Divergent? $\lim_{x\rightarrow\infty} A\left(\int_{0}^{\frac{x}{B}} te^{-t}\ dt\right)$

Question

Is the function below: $$ \lim_{x\rightarrow\infty} A\left(\int_{0}^{\frac{x}{B}} te^{-t}\ dt\right) $$ where $A$ and $B$ are both constants, a divergent or convergent one? Intuition when I glance at the limit tells me that it diverges, but every time I look at the graph or try out a few ideas with similar functions in my head, I begin to think that it's convergent depending on the values of $A$ and $B$. Do the values of $A$ and $B$ cause the function to diverge/converge?
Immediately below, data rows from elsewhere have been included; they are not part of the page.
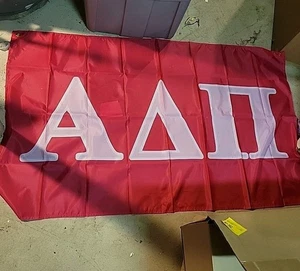 Delta Delta Pi Schwesternschaft rosa Flagge neu 3'x5' mit Ösen Quad-Stitch neu - Bild 1 von 6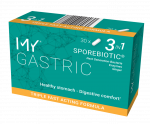 MY GASTRIC Sporebiotic&reg; maisto papildas su gyvybingomis bakterijomis ir fermentų mi&scaron;iniu, 30 kapsulių [GALIOJIMAS 2026-10]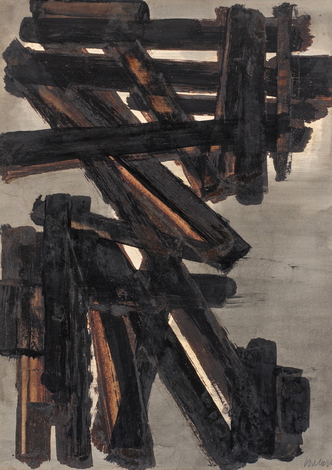 Brou de noix sur carton marouflé sur toile 68 X 50 сm, 1951-23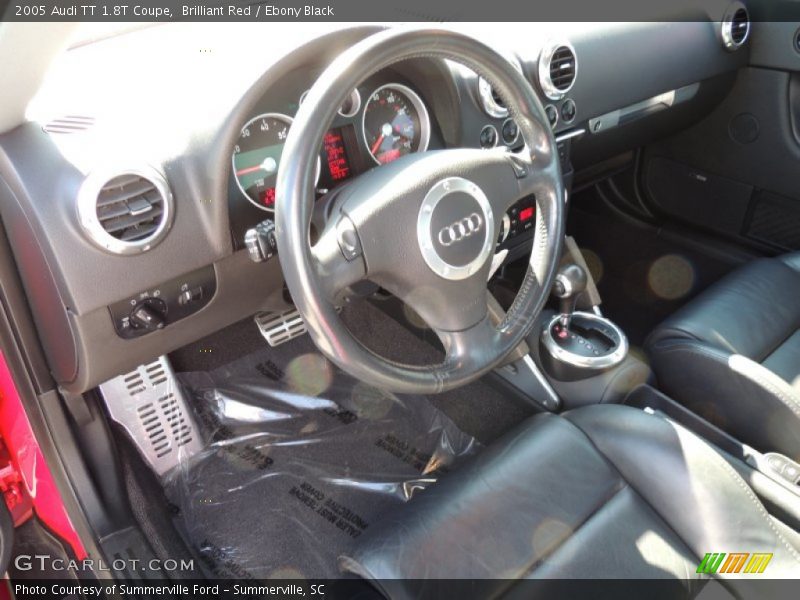 2005 TT 1.8T Coupe Ebony Black Interior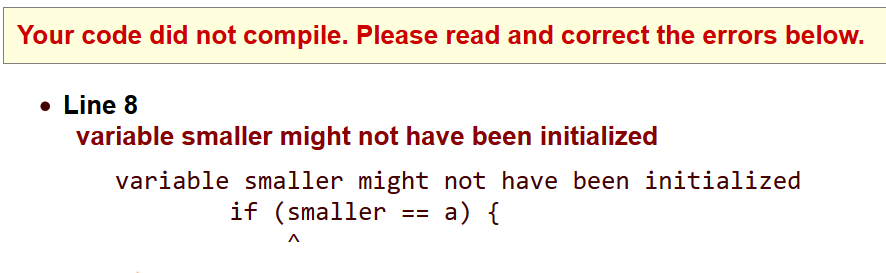 Correct the errors and submit a working version of the program. The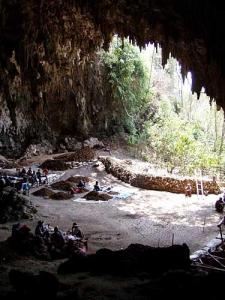 Liang-Bua: the Real Cave of Wonders. Photo Courtesy of Chris Turney, University of Wollongong.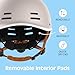Retrospec Remi Adult Bike Helmet for Men & Women - Bicycle Helmet for Commuting, Road Biking, Skating with Adjustable Ergo Knob Dial, Medium 57-59cm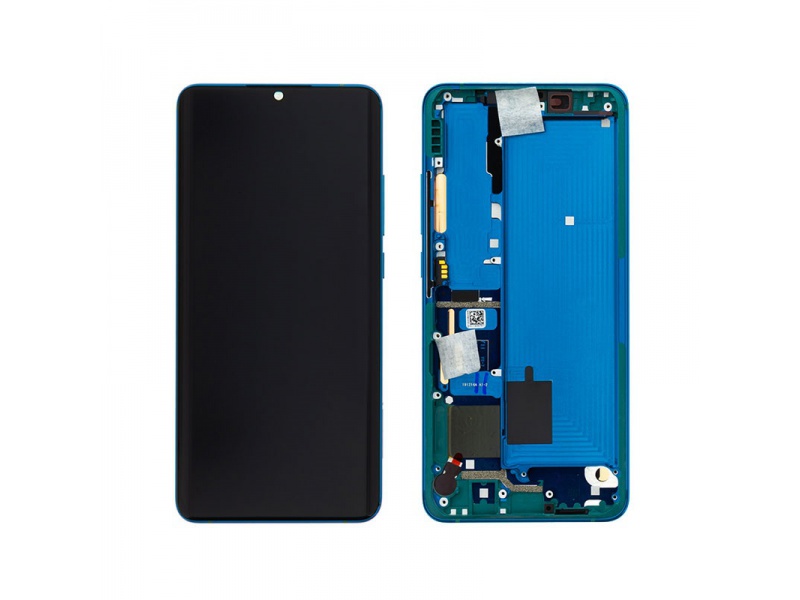 LCD + dotyk + rámček pre Xiaomi Mi Note 10 / Note 10 Pro, aurora green (Service Pack)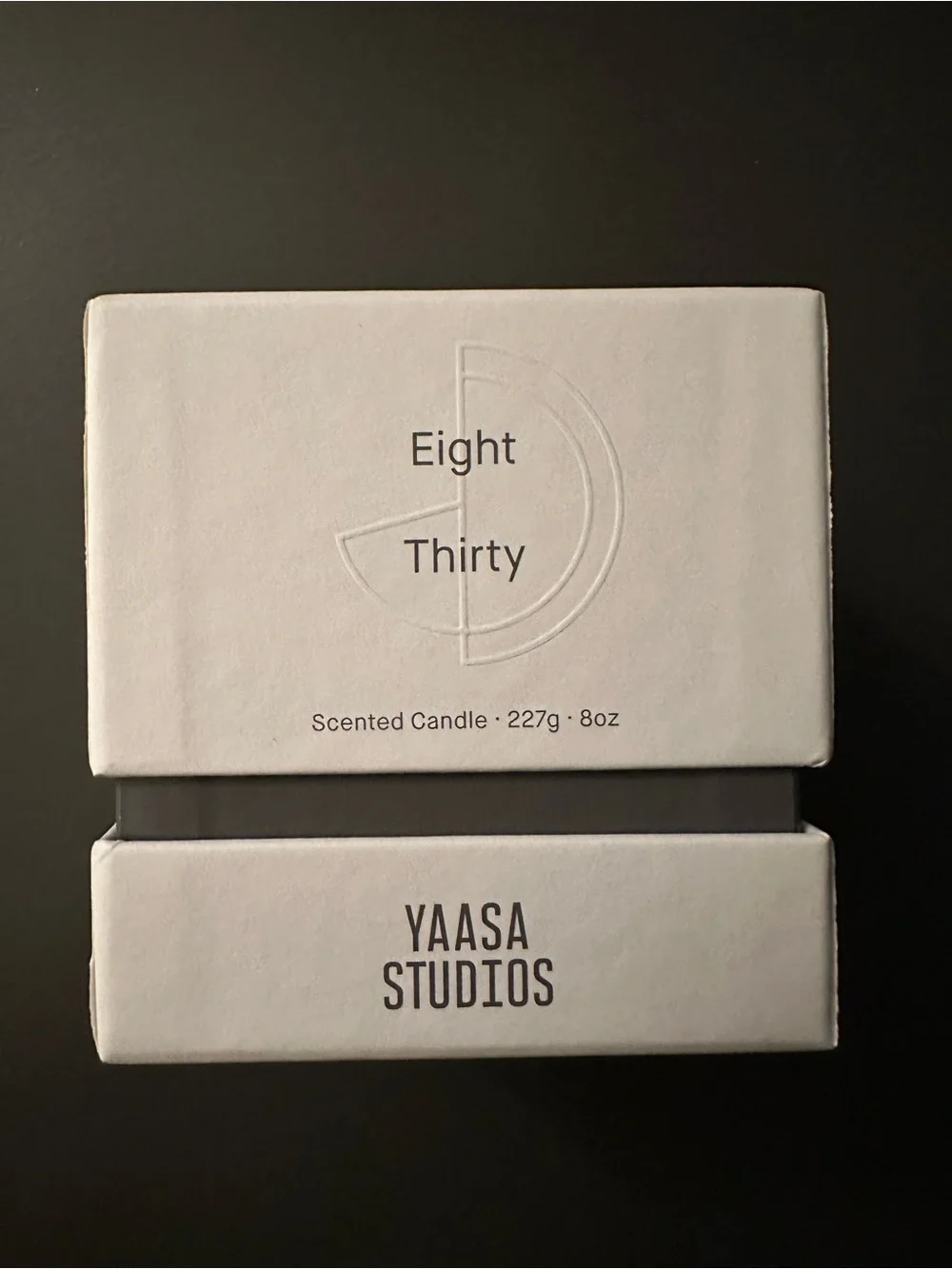 Yaasa Studios - Eight Thirty Scented Candle - Black Glass/Black Candle (Unused)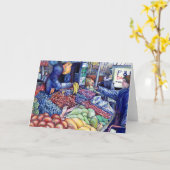 Nur für den psychischen Verbrauch Grußkarte Karte (Gelbe Blume)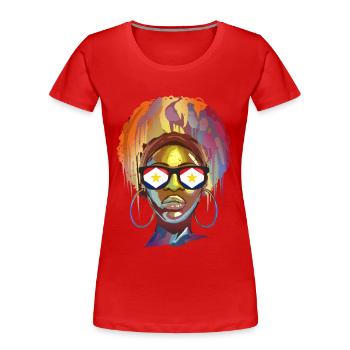 Saba - Women's Premium Organic T-Shirt - red - Front - Mia (176cm)
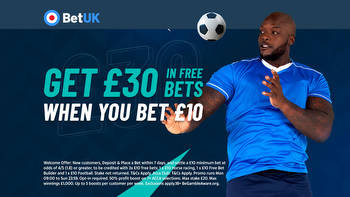 Premier League: Bet £10 and get £30 in free bets with BetUK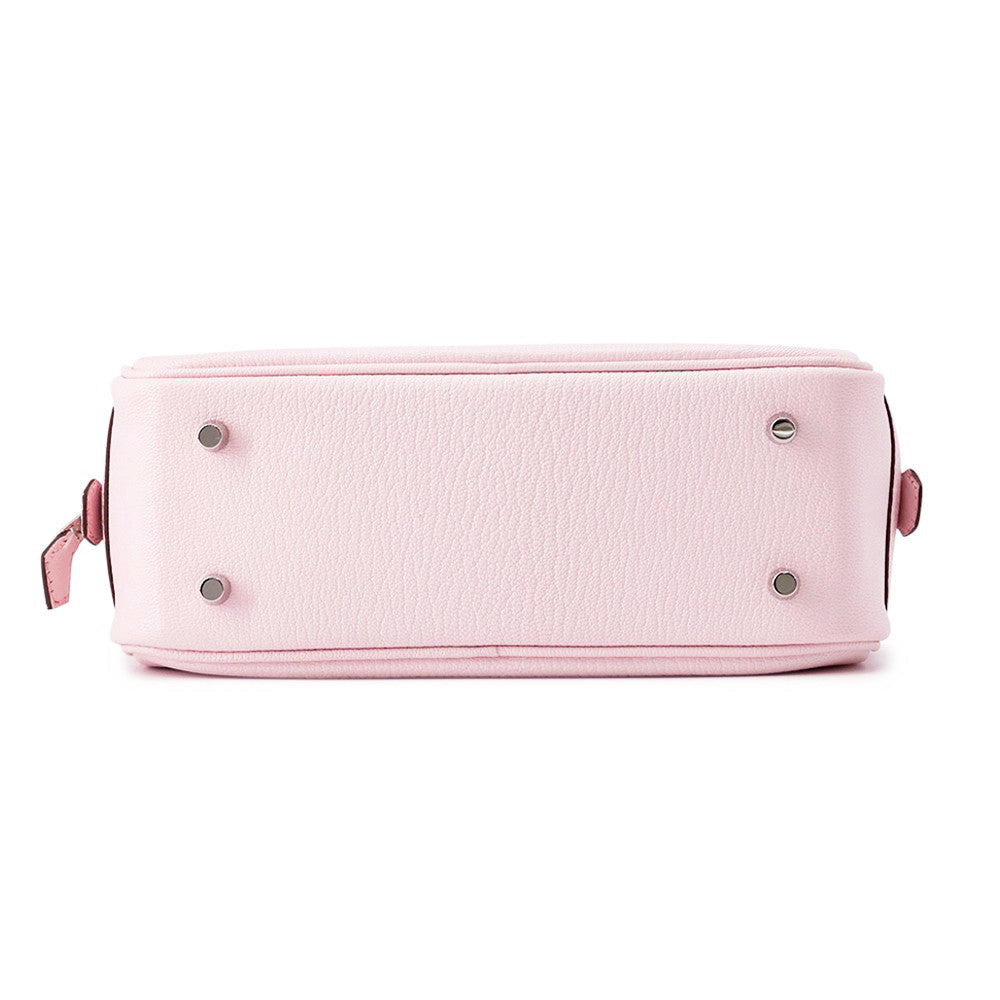 HERMES Plume Rose Darling Chevre Myzore Goatskin Size Mini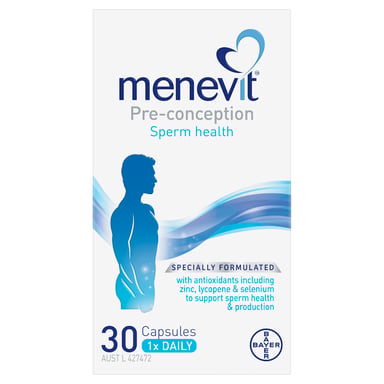 Menevit Pre-Conception & Sprem Health 30 capsules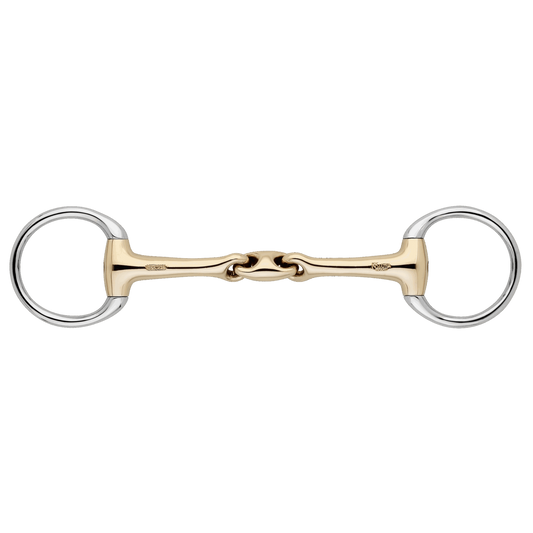 Sprenger KK ULTRA Olivenkopf Unterlegtrense 14 mm doppelt gebrochen Sensogan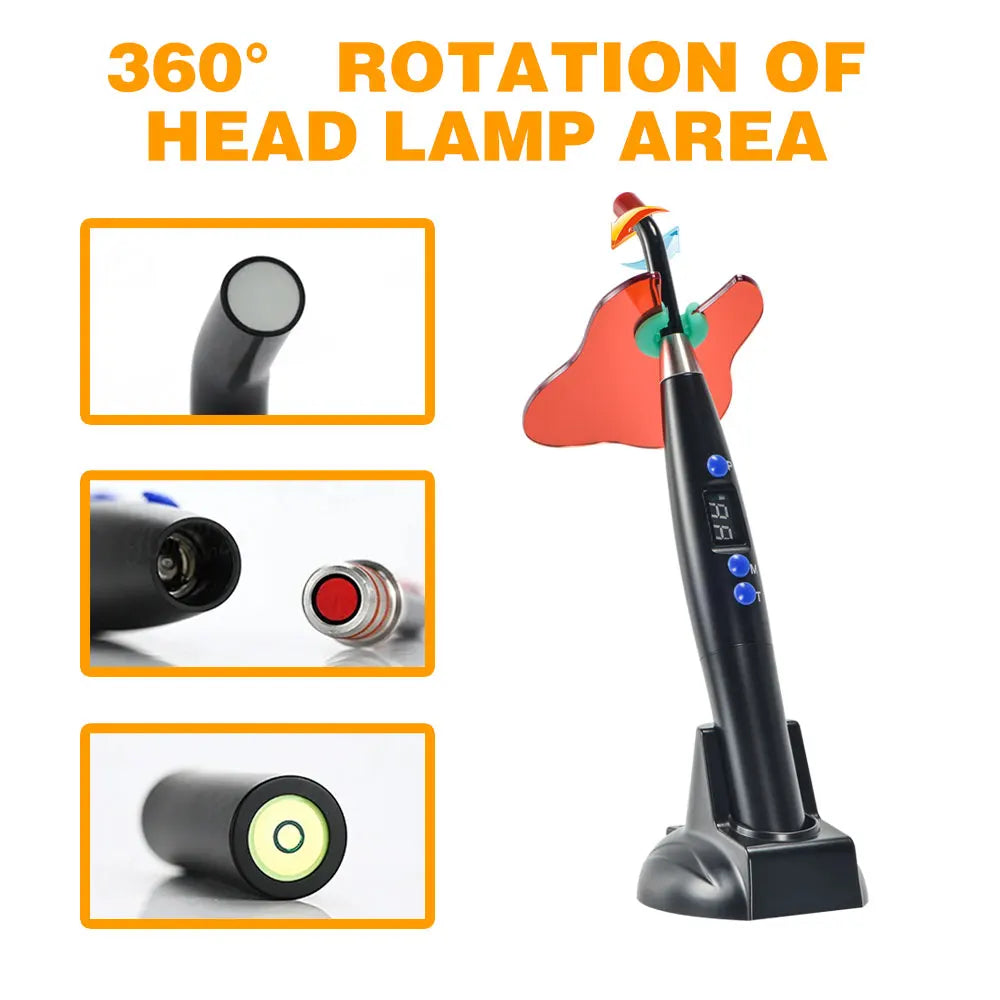 Dental LED Wireless Curing Light Curing Machine Resin Curing Dentist Tool Equipment Cordless USEU Plug 110V-220V
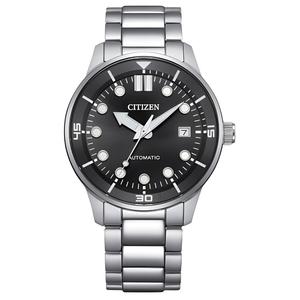 CITIZEN Часы Mechanical Watch Series Automatic Mechanical Movement Stainless Steel Strap Watch 40mm Men's Watch Black Dial, Black Dial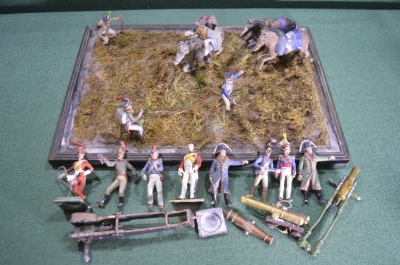 Сборный лот, оловянные солдатики. Реконструкция, Отечественная война 1812 года. Разнобой. 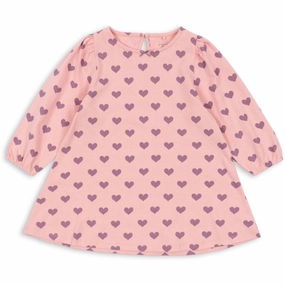 Smart and Chic Comfortable and Fashionable Konges Sl?jd Hortensia Coeur Drey Dress GOTS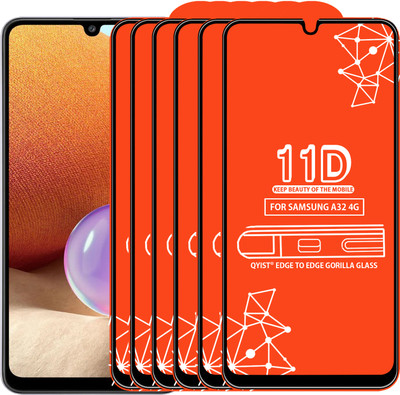 Qyist Edge To Edge Tempered Glass for Samsung A32 4G(Pack of 6)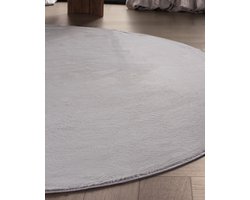 Carpetique Rond Vloerkleed - Ø200 cm – Taupe - Antislip – Japandi & Scandinavisch Woonkamer Tapijt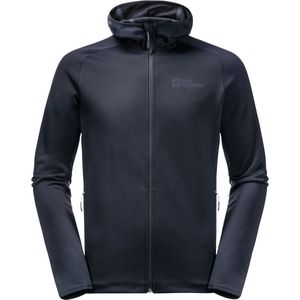 Jack Wolfskin Baiselberg Hooded Fz M - Night blue - Outdoor Kleding - Fleeces en Truien - Fleece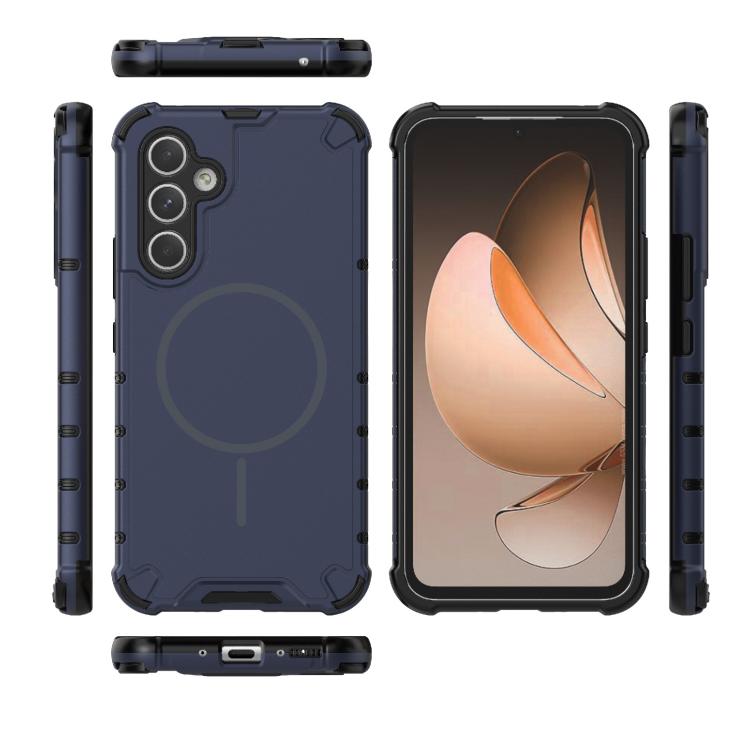 For Samsung Galaxy A54 5G Grating Solid Color MagSafe Magnetic Phone Case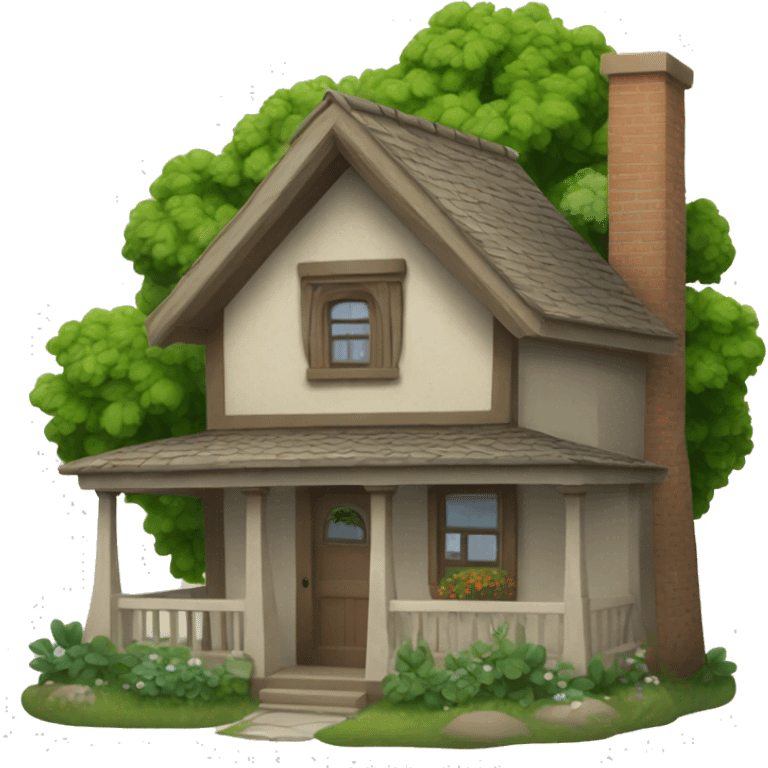 Cottagecore house emoji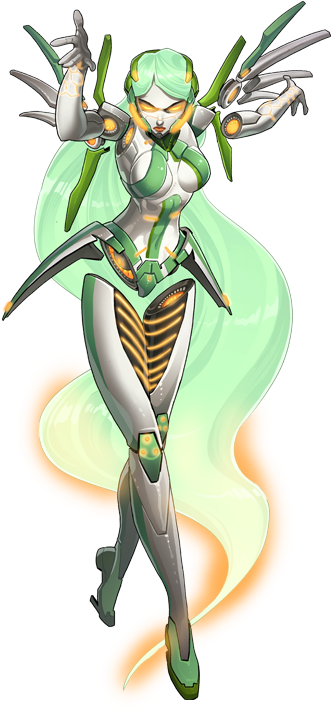 Cb Aristeia Parvati Art - Infinity The Game (502x720), Png Download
Thanks in advance!

Answer 1

We can use integration by parts to get $$\int_0^{x/B} t e^{-t}\, dt = \left[ -t e^{-t}\right]_0^{x/B} - \int_0^{x/B} (-e^{-t})\, dt = \frac{-x}{B} e^{-x/B} - \left[ e^{-t}\right]_0^{x/B} = \frac{-x}{B} e^{-x/B} - e^{-x/B} + 1$$

Assuming that $B > 0$, the limit of this function as $x\to \infty$ is $1$. Thus your original integral converges to the value $A$.